Following the completion of a competitive bidding process, a fund arranged by Cerberus Capital Management has agreed to invest US$1.050 billion in cash in CIBC's U.S. residential real estate portfolio.
The fair value of the reference portfolio as of the effective date of the deal, June 30, was US$1.186 billion. As of the end of CIBC's fiscal third quarter, July 31, the value was US$1.075 billion.
The fund has agreed to purchase US$1.050 billion of amortizing senior notes that will have a capped return, payable in cash. The recourse on the notes will be limited to the assets in the reference portfolio.
Additionally, CIBC will retain 100% of the potential upside on the portfolio following repayment of the notes. The reference portfolio consists of U.S. RMBS and CDOs of RMBS. These securities
are part of CIBC's legacy structured credit runoff portfolio.
As an all-cash deal, CIBC will not be providing any of the financing to the senior notes investor and will not be providing any performance guarantee in respect of the portfolio.
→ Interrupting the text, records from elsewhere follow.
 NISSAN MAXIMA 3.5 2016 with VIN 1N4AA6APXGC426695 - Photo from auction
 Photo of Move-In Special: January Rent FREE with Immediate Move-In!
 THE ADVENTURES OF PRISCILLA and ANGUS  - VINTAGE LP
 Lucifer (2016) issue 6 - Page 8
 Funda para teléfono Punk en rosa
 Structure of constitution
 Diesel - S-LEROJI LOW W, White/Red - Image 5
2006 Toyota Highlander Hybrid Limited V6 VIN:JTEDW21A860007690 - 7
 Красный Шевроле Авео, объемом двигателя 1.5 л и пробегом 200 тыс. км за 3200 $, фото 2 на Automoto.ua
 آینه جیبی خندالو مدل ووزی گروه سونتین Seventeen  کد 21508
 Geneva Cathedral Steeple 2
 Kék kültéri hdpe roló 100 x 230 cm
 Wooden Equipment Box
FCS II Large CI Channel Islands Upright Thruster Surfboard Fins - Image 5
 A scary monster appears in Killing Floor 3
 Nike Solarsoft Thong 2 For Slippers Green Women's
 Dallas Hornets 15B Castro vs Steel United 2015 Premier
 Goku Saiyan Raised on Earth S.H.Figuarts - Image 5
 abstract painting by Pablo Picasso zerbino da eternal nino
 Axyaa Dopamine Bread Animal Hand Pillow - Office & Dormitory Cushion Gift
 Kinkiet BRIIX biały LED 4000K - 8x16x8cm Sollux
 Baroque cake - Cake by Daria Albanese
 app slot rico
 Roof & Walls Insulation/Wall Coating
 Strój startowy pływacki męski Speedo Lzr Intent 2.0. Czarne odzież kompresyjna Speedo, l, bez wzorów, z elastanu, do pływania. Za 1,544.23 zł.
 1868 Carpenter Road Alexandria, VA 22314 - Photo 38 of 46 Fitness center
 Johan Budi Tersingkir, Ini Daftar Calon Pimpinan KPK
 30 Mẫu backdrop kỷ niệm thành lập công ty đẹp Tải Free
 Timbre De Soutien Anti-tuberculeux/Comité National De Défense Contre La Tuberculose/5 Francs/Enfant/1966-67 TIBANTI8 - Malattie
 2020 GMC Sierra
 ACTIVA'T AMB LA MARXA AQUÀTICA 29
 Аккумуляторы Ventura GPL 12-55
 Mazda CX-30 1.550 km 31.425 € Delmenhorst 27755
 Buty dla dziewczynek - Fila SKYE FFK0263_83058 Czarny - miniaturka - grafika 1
Interest and principal payments on the senior notes will be paid from the portfolio only if the RMBS and CDOs of RMBS perform. Following the repayment of the notes, CIBC will retain all future
cash flows of the portfolio.
As a further potential enhancement to CIBC's upside, CIBC has retained the ability to call the notes at the end of three years upon payment of accrued and unpaid interest, remaining principal and a fixed redemption premium.
Under the transaction, CIBC will retain ownership of the assets. CIBC will also keep all financial guarantor insurance contracts and related rights associated with the portfolio.
"This transaction sets a floor under CIBC's exposure to the U.S.residential mortgage market," said CIBC President and CEO Gerry McCaughey. "At the same time, retaining ownership of these securities, combined with the option regarding the timing of any redemption of this note, provides us with important flexibility to benefit from a future recovery in the cash flows of
CIBC's Tier 1 capital ratio at July 31 was 9.8%. Giving effect to a US$300 million preferred share issue completed in September, CIBC's Tier 1 capital ratio at July 31 on a pro forma basis was roughly 10.1%, well above CIBC's target of 8.5%.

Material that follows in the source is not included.